Frank Ferrara

No. 95
- Position: Defensive end

Personal information
- Born: December 7, 1975 (age 50) Staten Island, New York, U.S.
- Listed height: 6 ft 3 in (1.91 m)
- Listed weight: 280 lb (127 kg)

Career information
- High school: New Dorp (Staten Island)
- College: Rhode Island
- NFL draft: 1999: undrafted

Career history
- New York Giants (1999–2000)*; Amsterdam Admirals (2000); San Diego Chargers (2000)*; New York Giants (2001–2002); Philadelphia Eagles (2003); New York Giants (2003); BC Lions (2005); Bergamo Lions (2024);
- * Offseason and/or practice squad member only
- Stats at Pro Football Reference

= Frank Ferrara =

American gridiron football player (born 1975)

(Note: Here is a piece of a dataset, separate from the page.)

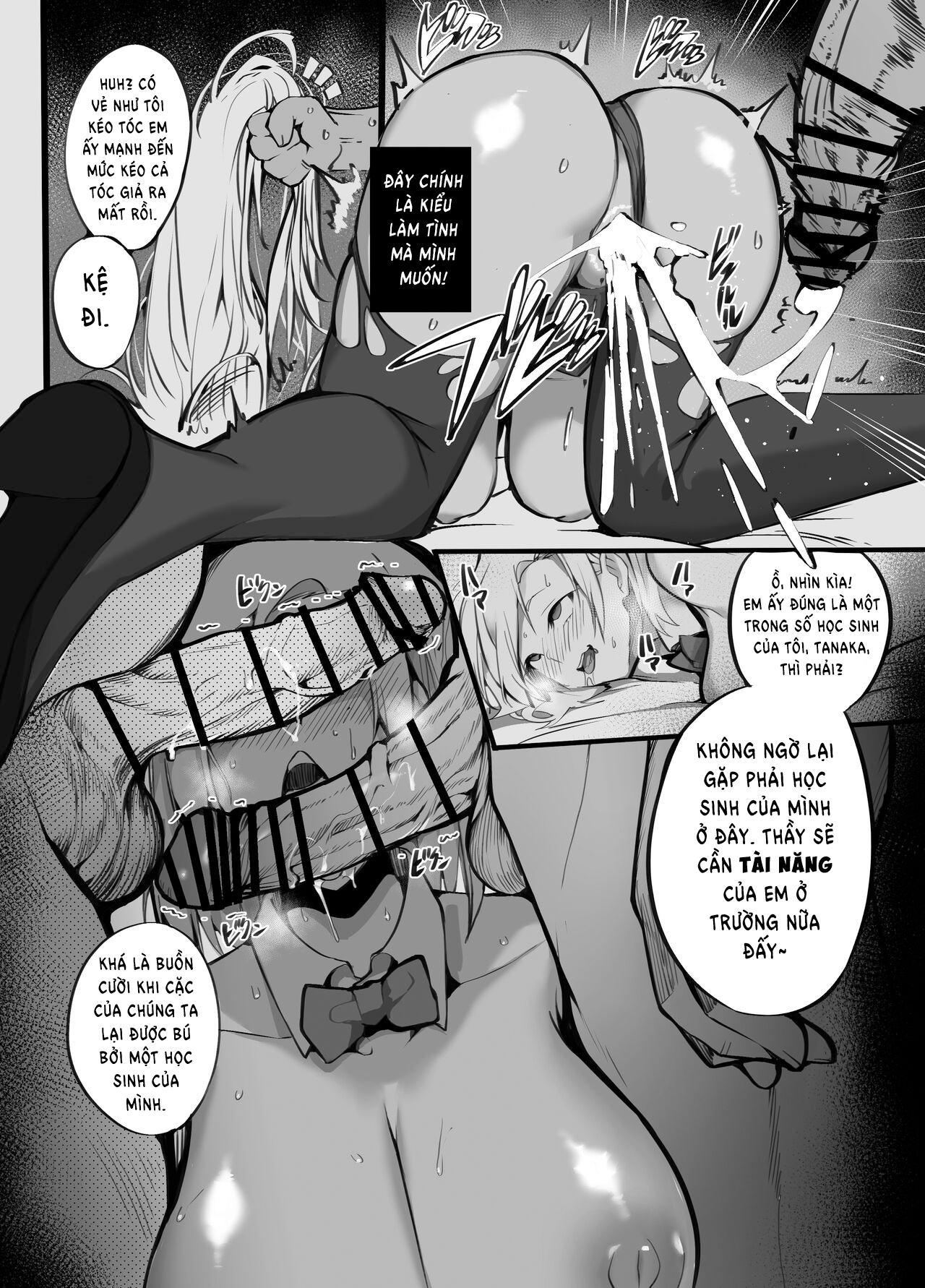 Đọc truyện hentai Tôi tìm thấy một cô nàng GYARU sẵn sàng COSPLAY và thậm chí là CHỊCH vì tiền - Oneshot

Frank Ferrara Jr. (born November 7, 1975) is an American former professional football player who was a defensive end for three seasons in the National Football League (NFL) for the New York Giants and Philadelphia Eagles. He played college football for the Rhode Island Rams.

Released five times before breaking into the Giants' lineup, Ferrara won recognition during his time in New York for his tenacity and effort. After retirement from the NFL he now resides as a Longshoreman in Staten Island, New York.